Kenneth M. Jakes, Sp. Asst. Atty. Gen., Bismarck, N. D., for appellants.
Alfred S. Lombardi, Atty., Tax Div., Dept. of Justice, Washington, D. C., for appellees.
Before LAY and STEPHENSON, Circuit Judges, and REGAN, District Judge.*
LAY, Circuit Judge.
The United States and Western Electric seek a declaratory judgment that North Dakota sales and use taxes are unconstitutional as applied to Western Electric's purchases under a defense contract. In essence, they argue that Western Electric acts under the contract as a federal instrumentality and therefore enjoys the immunity of the Federal Government.
Western Electric contracted with the Army to design and install certain equipment at "Safeguard System" missile bases in North Dakota. When North Dakota informally evidenced an intention to tax the defense contractor, the United States and Western Electric filed this action seeking declaratory relief. The next day North Dakota's Tax Commissioner issued a "Notice of Determination", asserting that Western Electric owed in excess of $54 million in sales and use taxes and that the tax would become final unless Western Electric applied for an administrative hearing. Western Electric requested a hearing, but before one was held, the district court granted the government's motion for an order staying the state administrative proceedings pendente lite. From this interlocutory order the State Tax Commissioner appeals, urging that the district court abused its discretion in granting the stay.

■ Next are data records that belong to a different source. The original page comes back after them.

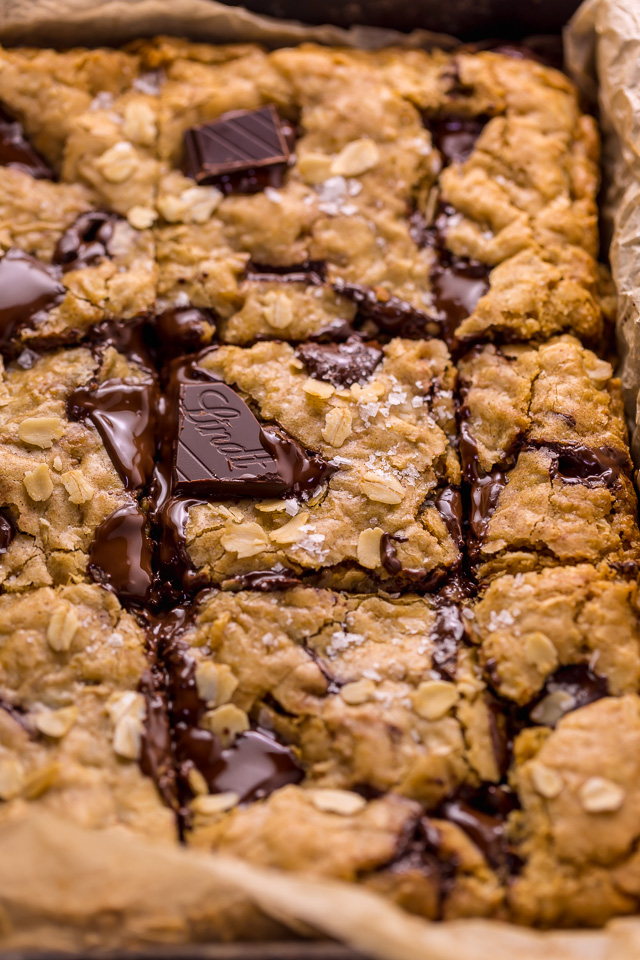 These are the BEST Oatmeal Cookie Bars you'll ever bake! Soft, chewy, and loaded with rolled oats and chocolate, this is a great recipe the whole family will love! Super easy and no mixer required!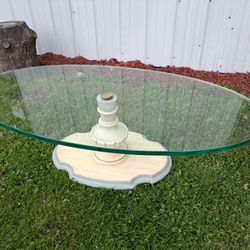 Beautiful 3/4" Glass top Coffee Table with Wood Base
Measures 4' x 2' 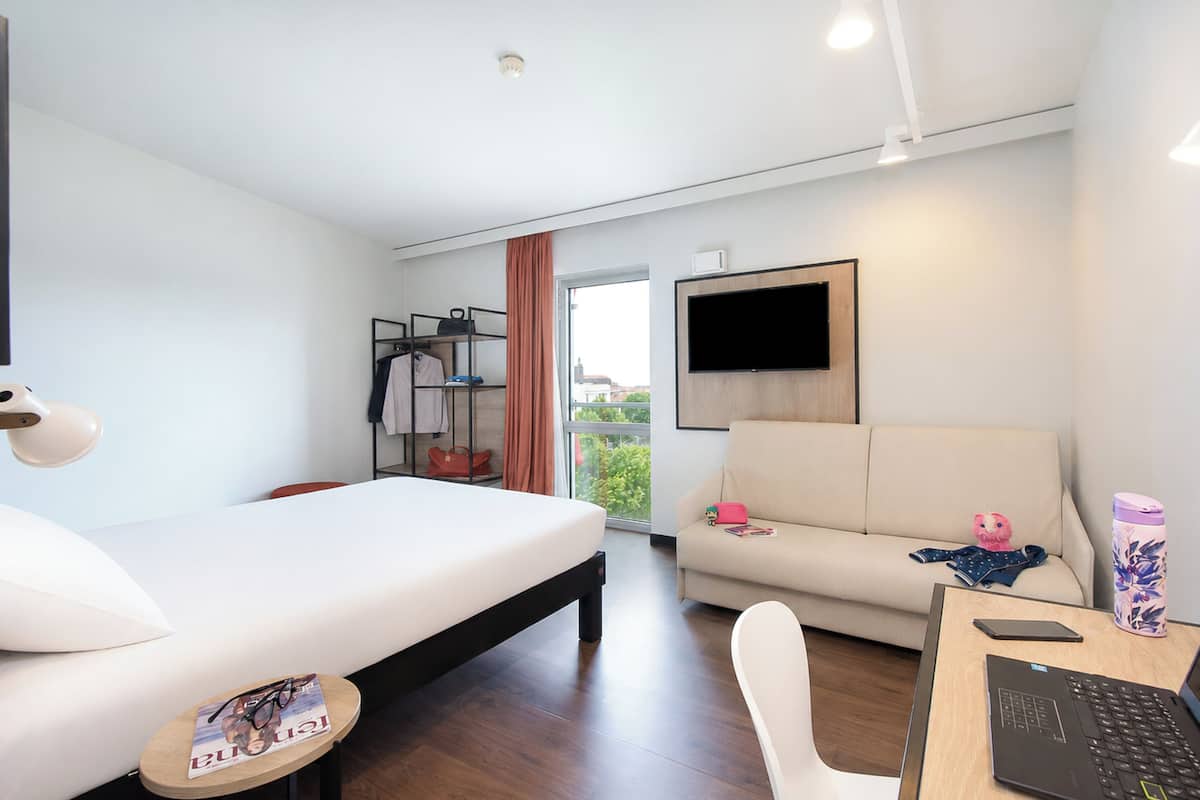 A modern hotel room with a bed, a sofa, a desk with a laptop, a TV mounted on the wall, and a window with a view.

We need not reach that issue, however, for we find that the district court was without jurisdiction to issue the stay.1 Under 28 U.S.C. § 2281, a three-judge district court must be convened to grant injunctive relief under the circumstances existing here. Section 2281 provides:
An interlocutory or permanent injunction restraining the enforcement, operation or execution of any State statute by restraining the action of any officer of such State in the enforcement or execution of such statute or of an order made by an administrative board or commission acting under State statutes, shall not be granted by any district court or judge thereof upon the ground of the unconstitutionality of such statute unless the application therefor is heard and determined by a district court of three judges under section 2284 of this title.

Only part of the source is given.